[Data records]
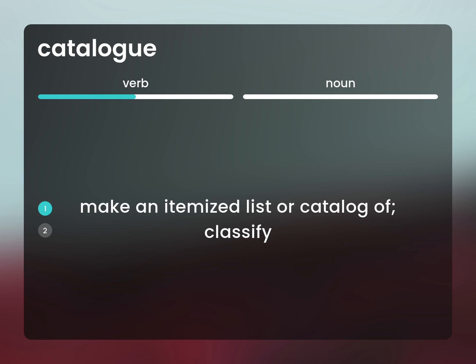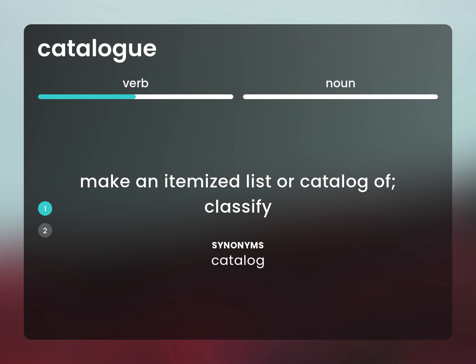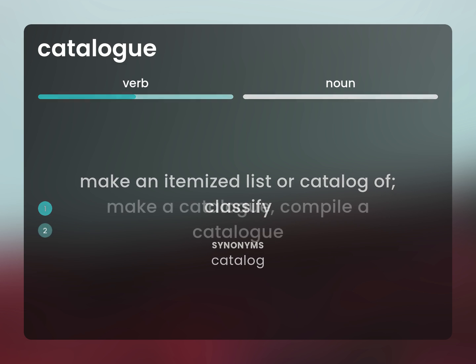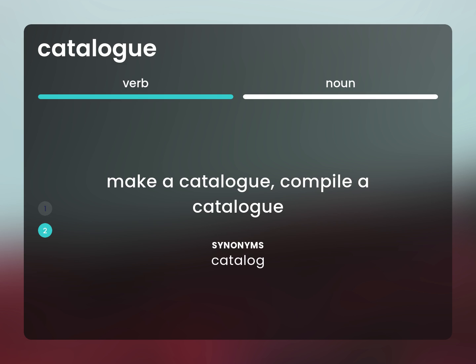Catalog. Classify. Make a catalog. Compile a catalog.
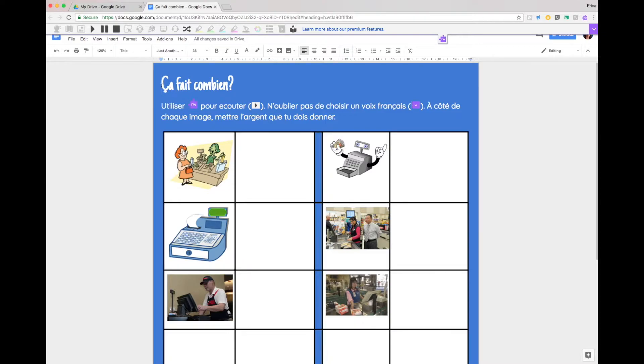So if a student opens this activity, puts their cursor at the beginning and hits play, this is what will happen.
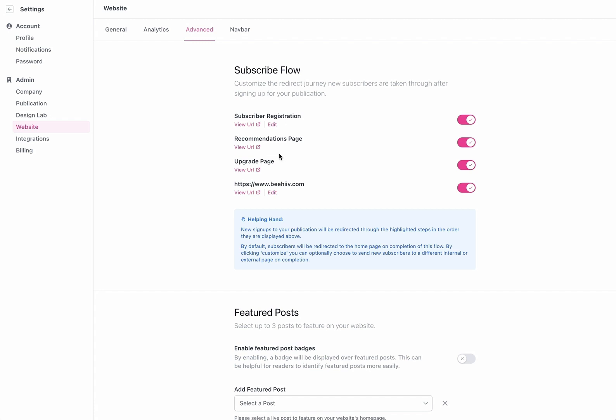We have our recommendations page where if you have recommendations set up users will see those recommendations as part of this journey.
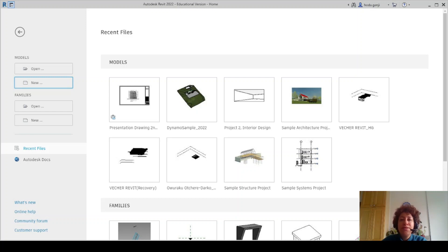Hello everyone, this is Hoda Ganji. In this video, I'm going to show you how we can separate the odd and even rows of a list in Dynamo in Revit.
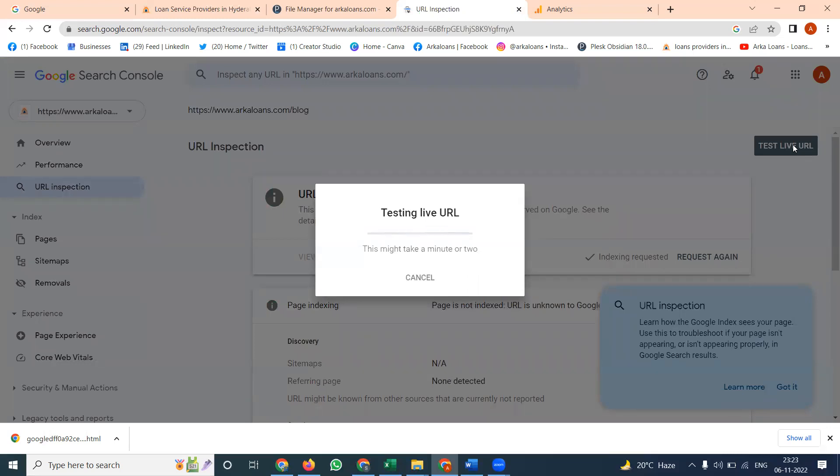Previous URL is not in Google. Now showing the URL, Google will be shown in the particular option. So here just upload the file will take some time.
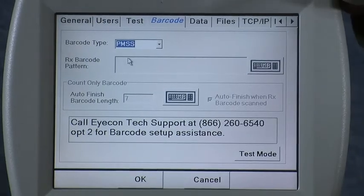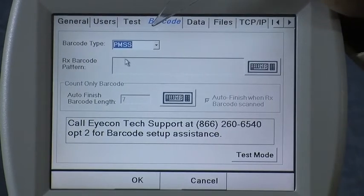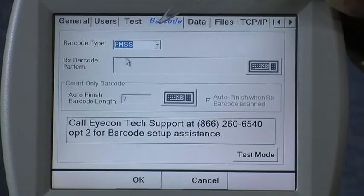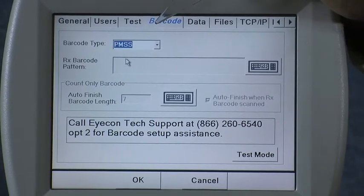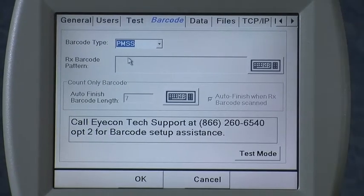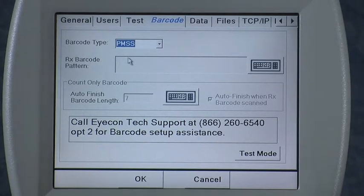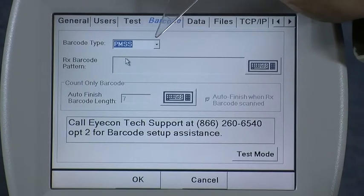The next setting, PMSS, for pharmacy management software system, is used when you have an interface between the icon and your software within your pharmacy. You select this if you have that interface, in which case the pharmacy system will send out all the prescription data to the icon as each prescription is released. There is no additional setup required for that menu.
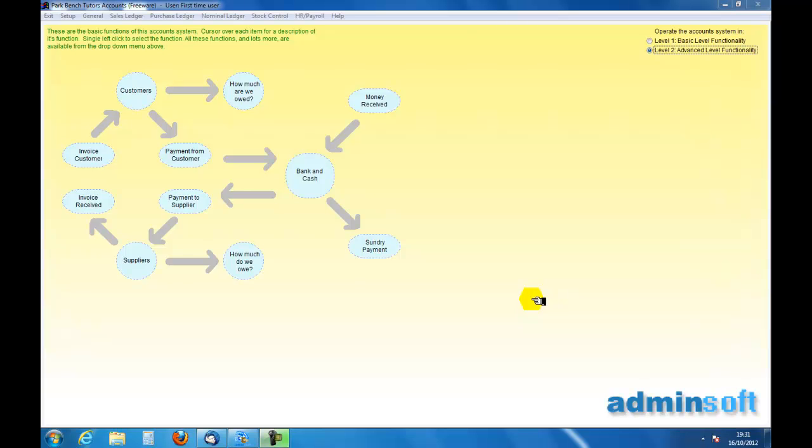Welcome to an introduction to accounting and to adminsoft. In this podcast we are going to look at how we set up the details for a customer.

YOUR INSTRUCTIONS:
Copy only this from above: the line containing "So if a student", the line containing "The next setting, PMSS, for", and all lines between, printed exactly. Leave out the pictures.

RESULT OF THE TASK:
So if a student opens this activity, puts their cursor at the beginning and hits play, this is what will happen.
We have our recommendations page where if you have recommendations set up users will see those recommendations as part of this journey.
Hello everyone, this is Hoda Ganji. In this video, I'm going to show you how we can separate the odd and even rows of a list in Dynamo in Revit.
Previous URL is not in Google. Now showing the URL, Google will be shown in the particular option. So here just upload the file will take some time.
The next setting, PMSS, for pharmacy management software system, is used when you have an interface between the icon and your software within your pharmacy. You select this if you have that interface, in which case the pharmacy system will send out all the prescription data to the icon as each prescription is released. There is no additional setup required for that menu.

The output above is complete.